This seemed worth reposting into comp.arch: the topic (is making your
compiler better for SPEC benchmarks SPEC-specific are not) has come up
now and then.  Here's an additional opinion:

In article <TOM.90Nov1072249@hcx2.ssd.csd.harris.com> tom@ssd.csd.harris.com (Tom Horsley) writes:
>>>>>> Regarding Re: Fastest 88k; mash@mips.COM (John Mashey) adds:
....
>mash> 	c) Do you feel that tuneups done to improve SPEC numbers carry over
>mash> 	into improvements on other programs ... or not?
....
>c) I would say that all the improvements we made are generally useful.  We
>   look at a lot more benchmarks than just SPEC (some of them are rather
>   large real customer applications, or benchmarks derived from those
>   applications). We like to pick which optimizations to work on based on
>   cost/benefit analysis - if we don't see the need for something in a lot
>   of places, we generally don't work on it.
>
>   Some of the SPEC benchmarks reacted fairly dramatically to some of our
>   optimizations, but the optimizations were not designed specifically to
>   get that reaction from SPEC. For example: the biggest single improvement
>   came from a combination of loop-unrolling, teaching the instruction
>   scheduler how to safely shuffle some loads past some stores (to keep the
>   data unit pipeline going), and teaching the register allocator to pick
>   registers in such a way as to allow the instruction scheduler maximum
>   flexibility (to keep the floating point pipeline going). All of this is
>   great stuff and is useful in almost any program.
>
>   The SPEC matrix300 benchmark, however, spends 99.9% of its time in a
>   single matrix multiply-and-add loop. When the above set of optimizations
>   hit the matrix300 benchmark, the performance skyrocketed. This does not
>   mean our optimizations are not generally useful, but it does mean that
>   real programs which do actual work may not see a similar performance
>   boost (but they certainly should get better).
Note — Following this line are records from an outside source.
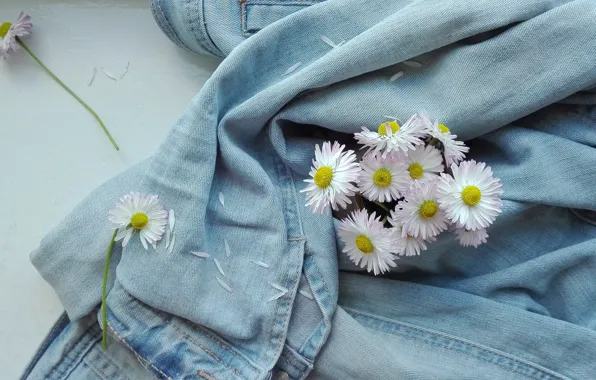 Flowers, table, chamomile, petals, white, placer, light background, blue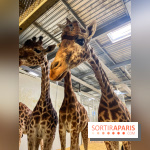 Zoo de Vincennes, Parc zoologique 2024 - nos photos - image00009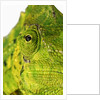 Eyes of a Meller's Chameleon by Anonymous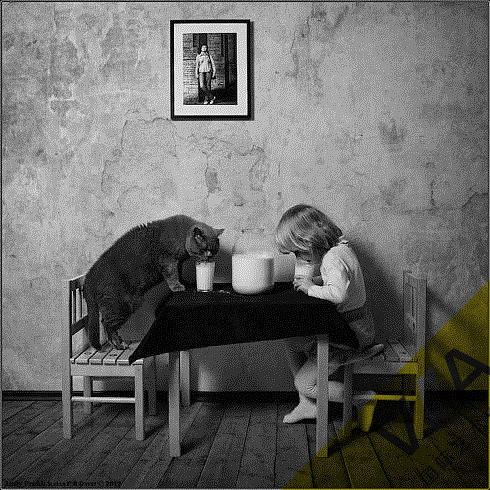 VA影视设计留学 猫与女孩的一组摄影作品集（图ZMTAwOTE1ODQw） - 宠物摄影 - 站酷设计师VA艺术留学原创素材 - 站酷ZCOOL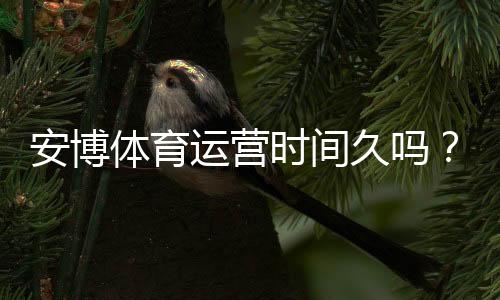 安博体育运营时间久吗？成立年限、平台信誉与安全性全面解析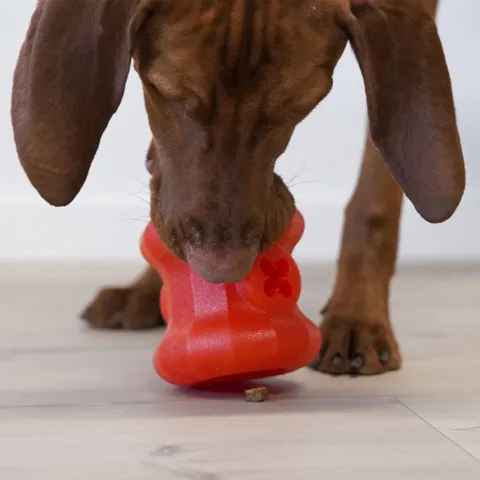 Starmark Everlasting Treat Fireplug
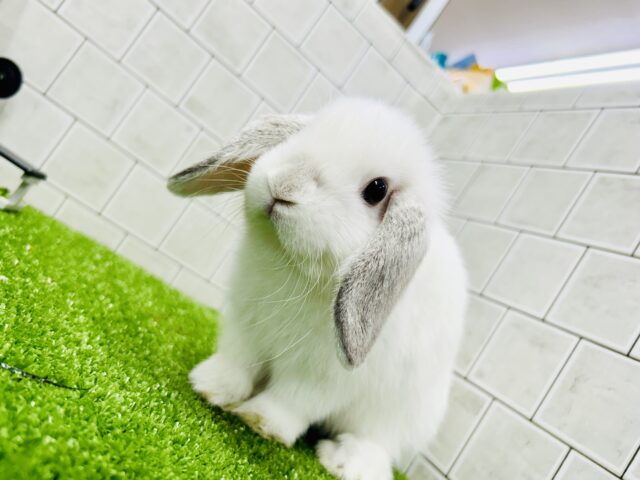ホーランドロップ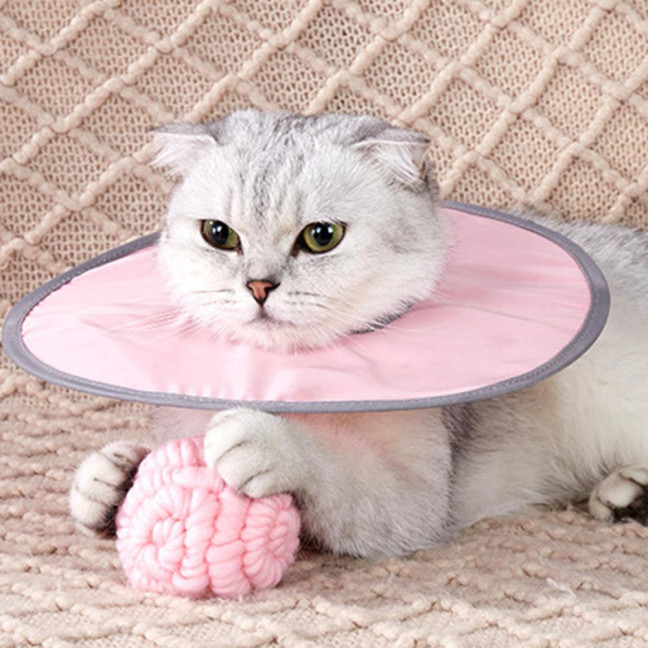 Soft Cat Cone Collar Adjustable Recovery Cone for Small Large Cats After Surgery to Stop Licking And Scratch Waterproof Protective E Collar for Wound Care Soft Cat Cone Collar Adjustable Recovery Cone for Small Large Cats After Surgery to Stop Licking And Scratch Waterproof Protective E Collar for Wound Care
Can anyone else add any more comments, or examples?
-- 
-john mashey	DISCLAIMER: <generic disclaimer, I speak for me only, etc>
UUCP: 	 mash@mips.com OR {ames,decwrl,prls,pyramid}!mips!mash 
DDD:  	408-524-7015, 524-8253 or (main number) 408-720-1700
USPS: 	MIPS Computer Systems, 930 E. Arques, Sunnyvale, CA 94086

newton@ggumby.cs.caltech.edu (Mike Newton) (11/02/90)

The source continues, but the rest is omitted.